Class-Conditional Distribution Balancing for Group Robust Classification
This addresses robust generalization for machine learning models in real-world scenarios where spurious correlations are common, offering a practical solution without costly bias annotations, though it is incremental in improving existing approaches.
The paper tackles the problem of spurious correlations in classification by reframing it as class-conditional distribution imbalances and proposes a sample reweighting method to balance distributions without needing bias annotations or predictions, achieving state-of-the-art performance comparable to supervised methods.

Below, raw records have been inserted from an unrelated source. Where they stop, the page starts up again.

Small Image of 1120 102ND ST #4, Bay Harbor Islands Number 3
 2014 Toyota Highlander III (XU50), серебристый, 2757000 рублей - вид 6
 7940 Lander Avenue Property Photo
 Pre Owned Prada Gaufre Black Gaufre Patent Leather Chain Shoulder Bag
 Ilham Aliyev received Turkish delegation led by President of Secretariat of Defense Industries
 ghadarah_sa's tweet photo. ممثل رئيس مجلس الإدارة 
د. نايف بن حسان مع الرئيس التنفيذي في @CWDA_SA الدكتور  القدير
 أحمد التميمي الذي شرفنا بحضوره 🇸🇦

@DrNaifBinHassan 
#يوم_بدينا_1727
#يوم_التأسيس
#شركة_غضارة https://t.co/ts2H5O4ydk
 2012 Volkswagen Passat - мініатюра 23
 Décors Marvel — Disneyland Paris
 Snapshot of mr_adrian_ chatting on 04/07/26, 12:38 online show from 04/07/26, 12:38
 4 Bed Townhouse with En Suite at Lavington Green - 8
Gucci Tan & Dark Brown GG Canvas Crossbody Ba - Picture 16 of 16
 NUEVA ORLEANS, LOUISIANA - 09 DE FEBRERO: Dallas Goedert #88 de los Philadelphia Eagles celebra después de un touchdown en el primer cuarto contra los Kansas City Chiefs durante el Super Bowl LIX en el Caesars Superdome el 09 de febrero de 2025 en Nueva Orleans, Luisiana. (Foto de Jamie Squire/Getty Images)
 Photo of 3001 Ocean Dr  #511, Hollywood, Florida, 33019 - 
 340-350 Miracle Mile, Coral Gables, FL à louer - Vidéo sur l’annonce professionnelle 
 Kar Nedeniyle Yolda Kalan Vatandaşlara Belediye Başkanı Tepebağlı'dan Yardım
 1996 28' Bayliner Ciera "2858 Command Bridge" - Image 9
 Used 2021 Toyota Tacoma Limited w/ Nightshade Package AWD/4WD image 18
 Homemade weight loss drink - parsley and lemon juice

Spurious correlations that lead models to correct predictions for the wrong reasons pose a critical challenge for robust real-world generalization. Existing research attributes this issue to group imbalance and addresses it by maximizing group-balanced or worst-group accuracy, which heavily relies on expensive bias annotations. A compromise approach involves predicting bias information using extensively pretrained foundation models, which requires large-scale data and becomes impractical for resource-limited rare domains. To address these challenges, we offer a novel perspective by reframing the spurious correlations as imbalances or mismatches in class-conditional distributions, and propose a simple yet effective robust learning method that eliminates the need for both bias annotations and predictions. With the goal of reducing the mutual information between spurious factors and label information, our method leverages a sample reweighting strategy to achieve class-conditional distribution balancing, which automatically highlights minority groups and classes, effectively dismantling spurious correlations and producing a debiased data distribution for classification. Extensive experiments and analysis demonstrate that our approach consistently delivers state-of-the-art performance, rivaling methods that rely on bias supervision.